Mary had a little bike,
She rode it on the grass.
And every time the wheels went round
A spoke went up her -
At which point I stopped, and the audience laughed (luckily - I'd have been scuppered if there had been silence). Why did they laugh? I asked them. The answer was because they knew what word was coming next - and in fact one lady helpfully mouthed it at me just in case I hadn't known. But the missing word isn't intrinsically funny, so why the laughter?
I'm sure there are lots of complicated psychological reasons why the omission of a mildly rude word can get such a reaction with a group of adults, but what I was using it for was to demonstrate that the audience was both willing to do some work - ie supply the missing word - and enjoyed the process. In fact, they enjoyed supplying the missing word far more than they would have done if I had said it.

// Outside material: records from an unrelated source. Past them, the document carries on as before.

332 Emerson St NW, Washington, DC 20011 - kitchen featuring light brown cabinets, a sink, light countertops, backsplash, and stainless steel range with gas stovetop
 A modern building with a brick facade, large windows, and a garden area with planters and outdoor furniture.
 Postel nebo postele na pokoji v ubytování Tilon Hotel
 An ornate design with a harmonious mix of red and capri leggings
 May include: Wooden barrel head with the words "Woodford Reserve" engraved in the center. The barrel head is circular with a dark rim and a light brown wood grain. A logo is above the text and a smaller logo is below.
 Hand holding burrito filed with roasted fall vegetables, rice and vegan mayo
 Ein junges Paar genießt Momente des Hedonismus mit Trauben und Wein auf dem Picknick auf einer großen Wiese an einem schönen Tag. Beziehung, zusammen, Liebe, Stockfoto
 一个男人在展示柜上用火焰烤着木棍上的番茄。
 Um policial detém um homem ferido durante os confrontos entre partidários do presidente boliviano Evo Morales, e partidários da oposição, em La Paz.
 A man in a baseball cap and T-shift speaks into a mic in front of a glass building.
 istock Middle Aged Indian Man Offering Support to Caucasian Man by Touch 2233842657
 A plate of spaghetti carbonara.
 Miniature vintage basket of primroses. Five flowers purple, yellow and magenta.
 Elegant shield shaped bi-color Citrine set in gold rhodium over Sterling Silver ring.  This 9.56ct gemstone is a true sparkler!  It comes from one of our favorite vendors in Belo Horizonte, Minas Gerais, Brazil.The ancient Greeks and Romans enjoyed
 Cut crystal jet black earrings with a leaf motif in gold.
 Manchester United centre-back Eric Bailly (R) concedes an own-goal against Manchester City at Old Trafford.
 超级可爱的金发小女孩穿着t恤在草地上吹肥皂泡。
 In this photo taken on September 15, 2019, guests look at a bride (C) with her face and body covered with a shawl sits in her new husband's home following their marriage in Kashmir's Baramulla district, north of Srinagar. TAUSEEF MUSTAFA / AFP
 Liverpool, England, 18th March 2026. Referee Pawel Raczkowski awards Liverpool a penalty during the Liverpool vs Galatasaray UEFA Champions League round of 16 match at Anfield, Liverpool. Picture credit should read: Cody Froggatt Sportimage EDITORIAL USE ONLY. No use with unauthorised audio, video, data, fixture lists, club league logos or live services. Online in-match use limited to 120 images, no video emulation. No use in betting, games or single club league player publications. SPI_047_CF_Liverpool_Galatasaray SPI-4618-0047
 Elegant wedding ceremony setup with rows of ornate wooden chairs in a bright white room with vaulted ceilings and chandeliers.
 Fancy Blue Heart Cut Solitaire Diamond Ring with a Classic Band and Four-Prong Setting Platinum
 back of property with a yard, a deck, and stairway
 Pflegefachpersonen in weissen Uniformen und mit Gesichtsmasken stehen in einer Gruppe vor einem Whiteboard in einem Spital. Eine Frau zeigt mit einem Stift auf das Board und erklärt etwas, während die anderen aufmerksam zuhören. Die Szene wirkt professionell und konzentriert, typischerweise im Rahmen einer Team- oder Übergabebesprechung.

When we're writing we can forget that the reader wants to work, and will enjoy their reading far more if they have to make an effort. That's the basis for show, not tell. We show the reader a situation, the reader does some work and deduces for themselves what's going on. It's much more effective than telling them exactly what's going on. Tell us that Evangeline was nervous, and we're bored. Show us Evangeline's sweaty palms or bitten fingernails and we're delighted to deduce that she's nervous.
Make the readers do some of the work, by showing and not telling, and you've got them hooked on your story.